PROBLEM REQUIREMENTS: Apart from the pictures, every entry should be reproduced exactly.

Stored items
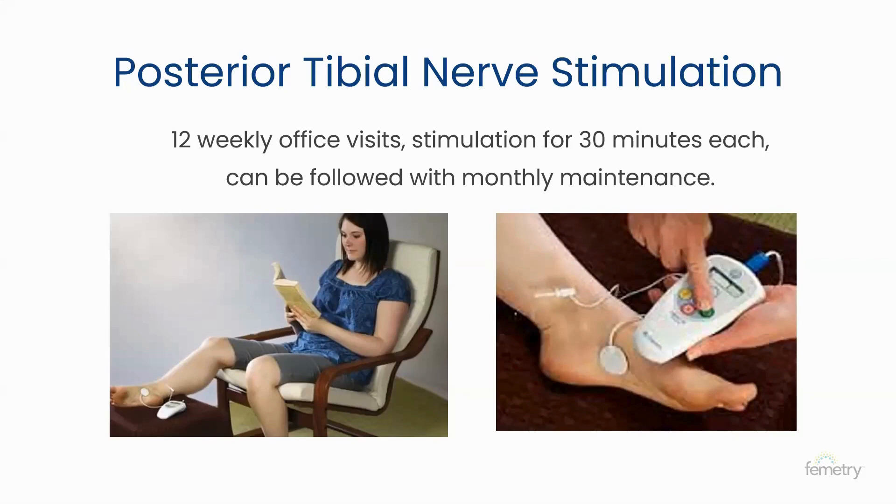The response to tibial nerve stimulation is subtle — after about three or four treatments, someone might notice they were getting up four times at night and now it's only three. Ideally by the end of 12 weeks, someone is getting up a lot less. After the initial 12 weeks, there is a maintenance period recommended at once a month, though I usually transition patients gradually — a few treatments every two weeks, then every three weeks — before reaching monthly maintenance.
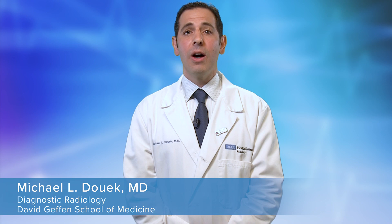Hi, my name is Dr. Michael Dueck. I'm a radiologist at UCLA. A radiologist is a kind of doctor that uses imaging technologies like ultrasound, x-ray, MRI, or CAT scan to make diagnoses in patients.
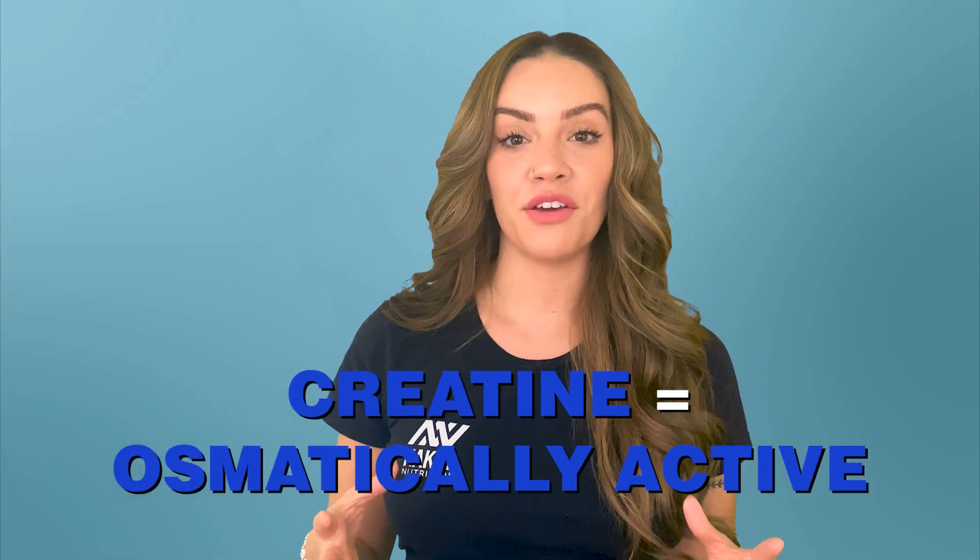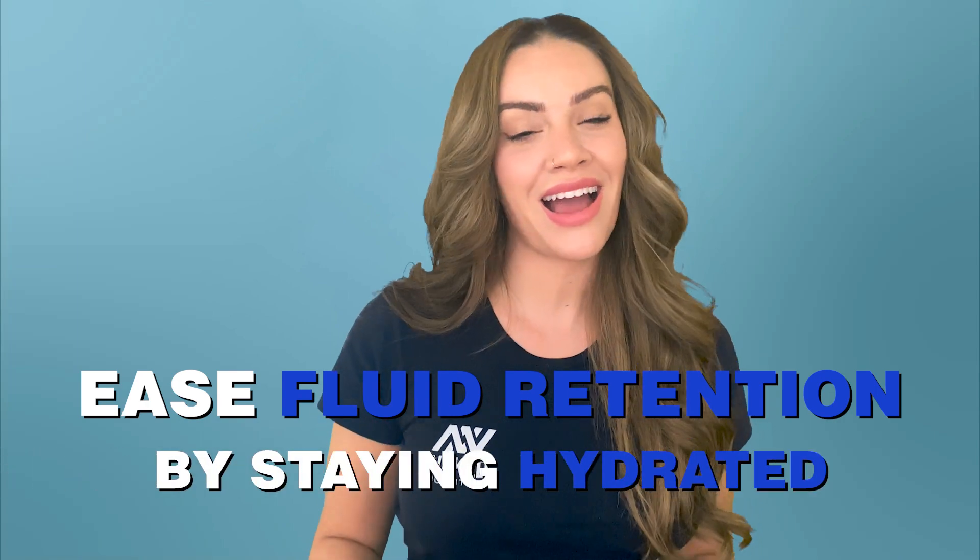Creatine is osmotically active, which means it pulls water in, resulting in a temporary increase in water retention and weight gain. Water retention from creatine can actually boost performance by improving our ability to regulate body temperature during exercise and stimulate muscle protein synthesis.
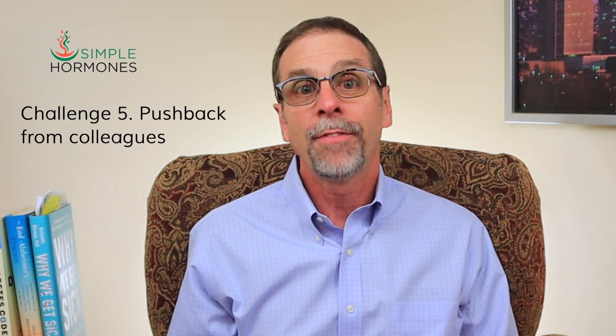The fifth and maybe biggest challenge hormone doctors and nurse practitioners face is pushback from primary care physicians. If you're a hormone optimization provider, you've probably done a deep dive into the evidence. Unfortunately, many primary care providers still believe hormones will give patients breast cancer, a heart attack, blood clots, or prostate cancer. Others may push back on T3 and T4 thyroid treatment or be alarmed by somewhat low TSH levels. Patient education resources like Simple Hormones can't eliminate that pushback, but they can help patients truly understand what you're trying to do.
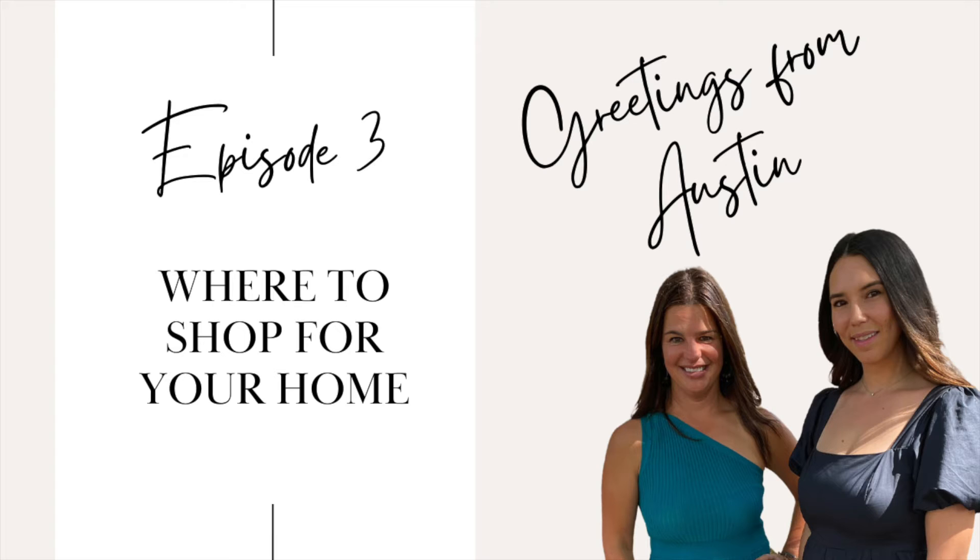Restoration Hardware is also a really popular, cool place to go. They have one in the Domain and also an outlet store in San Marcos. They have just beautiful light fixtures and great comfortable couches. A popular couch they have — that I have friends who own — is called the cloud couch. It was like a TikTok trend for a while, it went viral and now they have lots of cloud couch dupes out there because it's so popular.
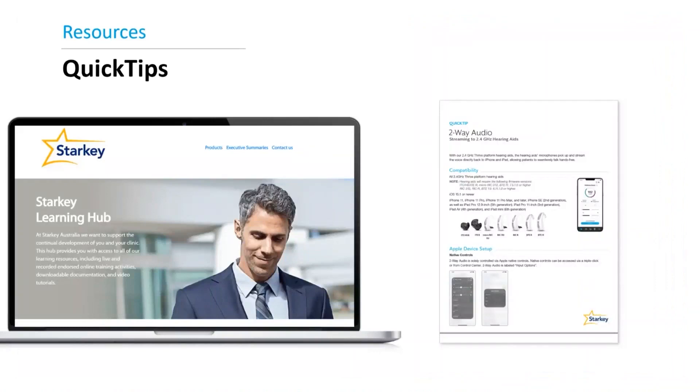We're extremely excited about this brand new feature for Livio products and we know your patients will be excited as well. We have a quick tip available to provide you with the needed information on the Two-Way Audio feature. Thank you so much for watching. Should you require more information on this topic or any others, feel free to reach out to your product specialist or you can reach us on our toll-free number at 1-800-024-985.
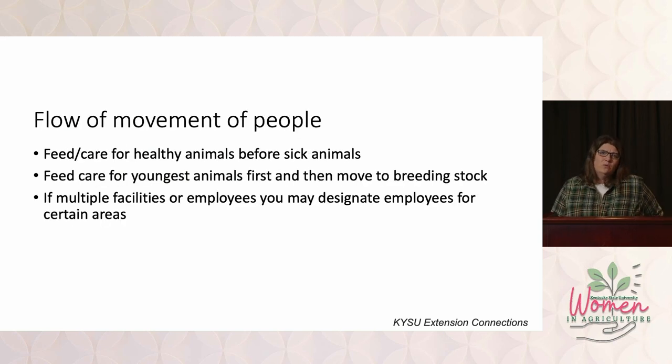The flow of movement of people — when you have an animal that's sick and you treat it, the next day when you go to feed, it needs to be the last animal you touch that day. We're going to take care of the healthy animals first. We don't want to treat and touch the sick animals and then take those germs or pathogens to the healthy animals. When you go to feed, you're going to feed the young healthy animals first, then the older healthy animals, and lastly you'll go treat the sick animals.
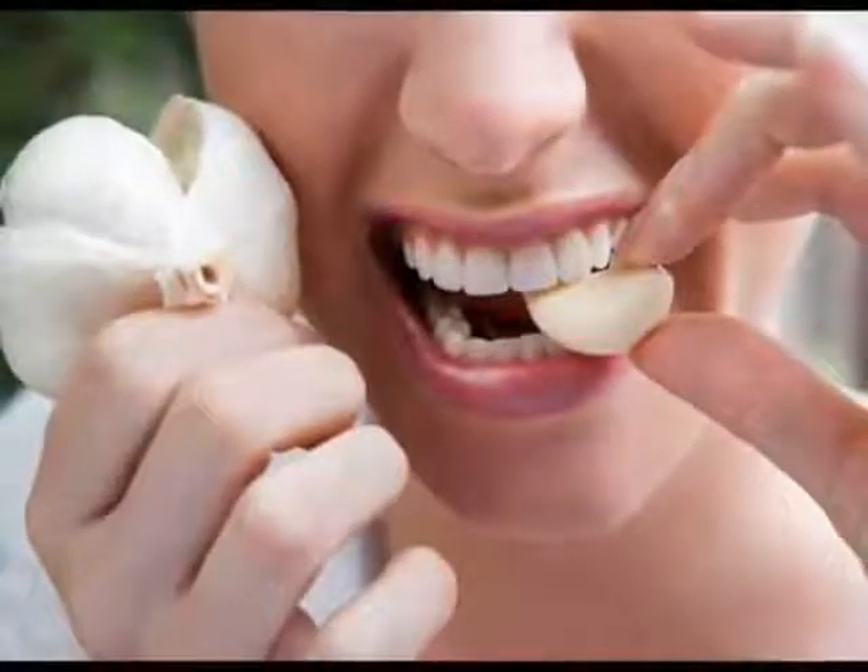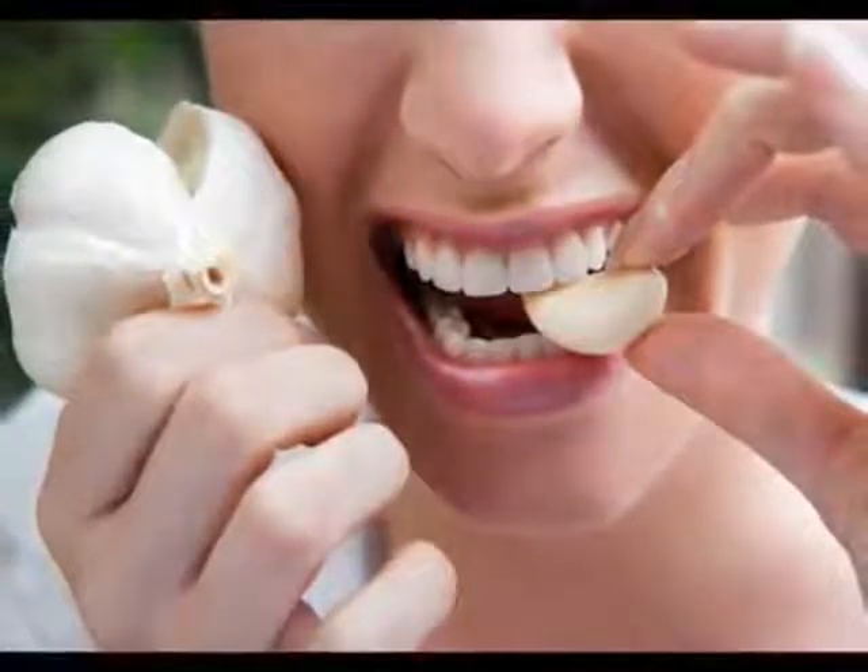The odor is caused by wastes from bacteria in the mouth, the decay of food particles, other debris in your mouth, and poor oral hygiene. The decay and debris produce a sulfur compound that causes the unpleasant odor.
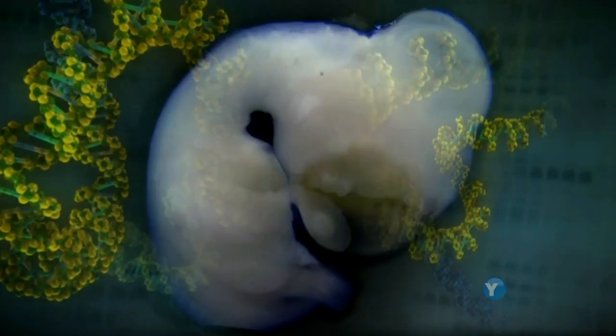These genes determine where the front and the back of the animal is going to be, the top, the bottom, the left, the right, the inside, the outside, where the eyes are going to be, where the legs are going to be, where the gut's going to be, how many fingers they're going to have.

RESPONSE TO THIS EXERCISE:
The response to tibial nerve stimulation is subtle — after about three or four treatments, someone might notice they were getting up four times at night and now it's only three. Ideally by the end of 12 weeks, someone is getting up a lot less. After the initial 12 weeks, there is a maintenance period recommended at once a month, though I usually transition patients gradually — a few treatments every two weeks, then every three weeks — before reaching monthly maintenance.
Hi, my name is Dr. Michael Dueck. I'm a radiologist at UCLA. A radiologist is a kind of doctor that uses imaging technologies like ultrasound, x-ray, MRI, or CAT scan to make diagnoses in patients.
Creatine is osmotically active, which means it pulls water in, resulting in a temporary increase in water retention and weight gain. Water retention from creatine can actually boost performance by improving our ability to regulate body temperature during exercise and stimulate muscle protein synthesis.
The fifth and maybe biggest challenge hormone doctors and nurse practitioners face is pushback from primary care physicians. If you're a hormone optimization provider, you've probably done a deep dive into the evidence. Unfortunately, many primary care providers still believe hormones will give patients breast cancer, a heart attack, blood clots, or prostate cancer. Others may push back on T3 and T4 thyroid treatment or be alarmed by somewhat low TSH levels. Patient education resources like Simple Hormones can't eliminate that pushback, but they can help patients truly understand what you're trying to do.
Restoration Hardware is also a really popular, cool place to go. They have one in the Domain and also an outlet store in San Marcos. They have just beautiful light fixtures and great comfortable couches. A popular couch they have — that I have friends who own — is called the cloud couch. It was like a TikTok trend for a while, it went viral and now they have lots of cloud couch dupes out there because it's so popular.
We're extremely excited about this brand new feature for Livio products and we know your patients will be excited as well. We have a quick tip available to provide you with the needed information on the Two-Way Audio feature. Thank you so much for watching. Should you require more information on this topic or any others, feel free to reach out to your product specialist or you can reach us on our toll-free number at 1-800-024-985.
The flow of movement of people — when you have an animal that's sick and you treat it, the next day when you go to feed, it needs to be the last animal you touch that day. We're going to take care of the healthy animals first. We don't want to treat and touch the sick animals and then take those germs or pathogens to the healthy animals. When you go to feed, you're going to feed the young healthy animals first, then the older healthy animals, and lastly you'll go treat the sick animals.
The odor is caused by wastes from bacteria in the mouth, the decay of food particles, other debris in your mouth, and poor oral hygiene. The decay and debris produce a sulfur compound that causes the unpleasant odor.
These genes determine where the front and the back of the animal is going to be, the top, the bottom, the left, the right, the inside, the outside, where the eyes are going to be, where the legs are going to be, where the gut's going to be, how many fingers they're going to have.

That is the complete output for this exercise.